Es ist nicht die Unwissenheit die mich so trifft, sondern die nicht-Bereitschaft und das absolute Unvermögen sich mit der Thematik ernsthaft auseinander zu setzen, und die daraus resultierenden infantilen Trotz- und JetztErstRecht- Aktionen.




Die Art und Weise wie unbetroffene Personen sich herausnehmen zu entscheiden, ob etwas „schlimm ist oder nicht“. Die endlose Relativierung der Lebensrealität von Menschen, die False-Balance und „AbEr BeIdE SEiTeN“ Takes mit denen man Betroffene zum Schweigen bringt und das kollektive Weg-Schauen, Nicht-Moderieren und sich gegen die eigene Verantwortung mit der eigenen Reichweite zu stellen, in dem man trans und generell queer feindliche Aussagen kommentarlos in Chats stehen lässt, diese mit unaufgeklärtem Verhalten teilweise bestärkt oder sich sogar selbst daran beteiligt.
Die nicht Bereitschaft zuhören zu wollen, sondern die eigene Flucht in eine Opferrolle, weil das leichter ist als sich einzugestehen, dass man manche Dinge nicht begreift.

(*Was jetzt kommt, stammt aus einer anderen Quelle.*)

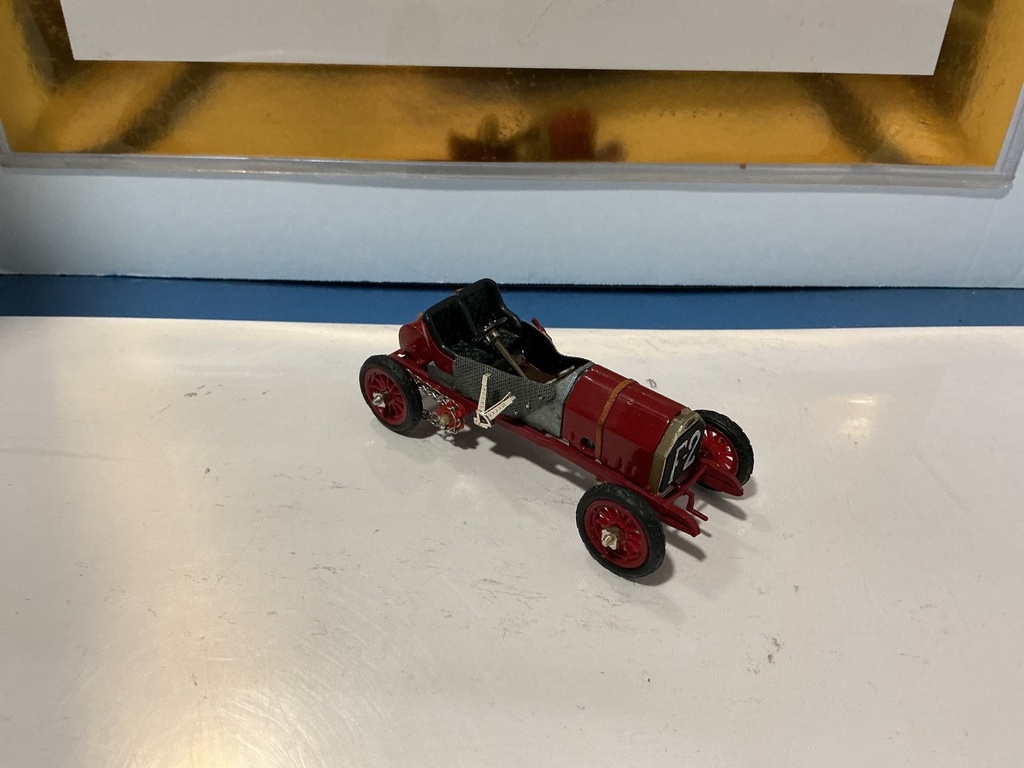 1:43 DUGO MADE IN ITALY FLAT F2 image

Mir schreiben derzeit täglich Dutzende betroffene Personen, in den letzten Tagen waren es mehrere hundert. Ich bekomme Screenshots von Twitch Chat Verläufen, von Privat Nachrichten, von Twitter Threads und Reddit Beiträgen in denen queer Feindlichkeit ausgelebt, verharmlost oder sogar zelebriert wird. Teilweise aus oder mit Chats von Influnecer:innen mit denen ich gerade erst noch Content gemacht habe.

Ich kann nicht die nötige Dissonanz aufbringen um mich davon zu distanzieren. Ich sehe und lese und höre jeden Tag wie schlecht es Menschen damit geht, und empfinde die Reaktionen von vielen Creator:innen als gesellschaftlichen Akt der Gewalt gegen eine ohne hin schon gefährdete marginalisierte Personengruppe und auch jede:n Creator:in die versuchen sich zu solidarisieren.

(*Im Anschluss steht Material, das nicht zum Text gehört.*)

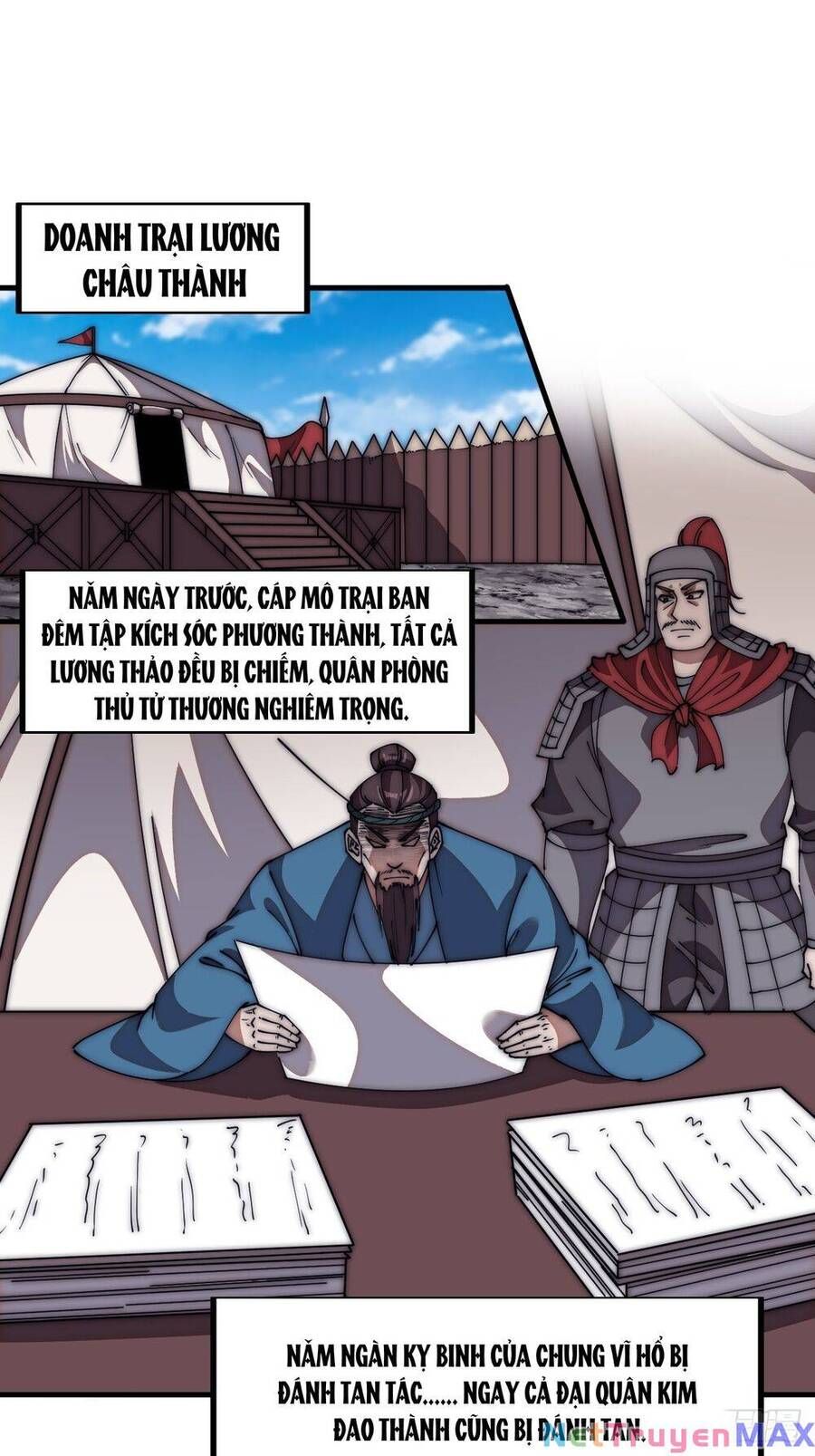 đọc truyện Ta Có Một Sơn Trại Chương 662 ảnh 17 tại Thiên Thai Truyện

Es tut mir so unendlich Leid, was hier gerade passiert. Es tut mir so Leid, wieviel Enttäuschung, Frustration, Verzweiflung und Wut gerade berechtigterweise aus dieser Community kommt. Es tut mir so Leid, dass viele Creator:innen nur dann Interesse an einer Allyship zeigen, wenn sie Regenbogen Merch verkaufen können.

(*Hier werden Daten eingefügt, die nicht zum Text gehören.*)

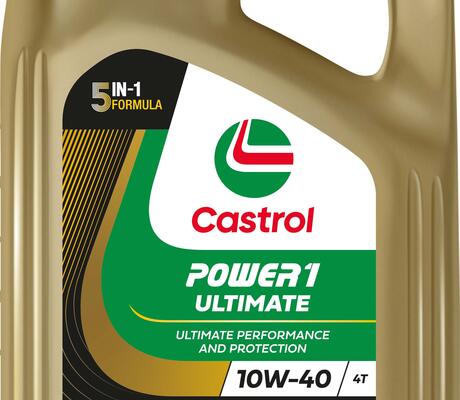 credit Castrol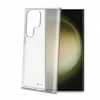 Dėklas CELLY Gelskin back TPU cover for Samsung GALAXY S23 Ultra 5G, Transparent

Ich danke euch für euer Vertrauen, dass ihr mir diese Dinge schreibt, sagt, anvertraut. Ich danke allen Creator:innen die zuhören, reagieren und sich solidarisieren.

Ich empfinde Respekt und Wertschätzung vor Menschen, die die Größe haben zuzugeben wenn sie etwas nicht verstehen, und die Bereitschaft aufbringen sich damit zu beschäftigen.

Ich habe das Gefühl, dass ich für den Moment nicht mehr geben kann, als ich seit Wochen versuche. Deswegen nehme ich mir ein paar Tage Zeit um erstmal aufzuarbeiten, zu verstehen, zu lernen und durchzuatmen. Ich muss für mich entscheiden, wie ich zukünftig damit umgehen kann und ich möchte der Erwartungshaltung und Verantwortung die ich mit meinem eigenen lauten Verhalten in diesem Thema übernommen habe, versuchen so gut wie ich kann gerecht zu werden.
Deswegen vor allem ein unendliches Dankeschön an all die Betroffenen Personen, insbesondere die trans oder nicht binären Menschen in meinem Umfeld, die mir so viel beigebracht haben, mich immer wieder korrigieren und gleichzeitig so viel Liebe mit mir teilen, obwohl es sie viel krasser trifft als mich jemals.

Ich schreibe diesen Text, weil ich frustriert bin. Weil ich in vielen Bereichen verzweifelt bin. Weil ich auch wütend bin, aber weil ich vor allem viel gelernt habe und hoffe in diesem Jahr mit besserem Verständnis und mehr Werkzeug noch mehr mit euch gemeinsam erreichen zu können.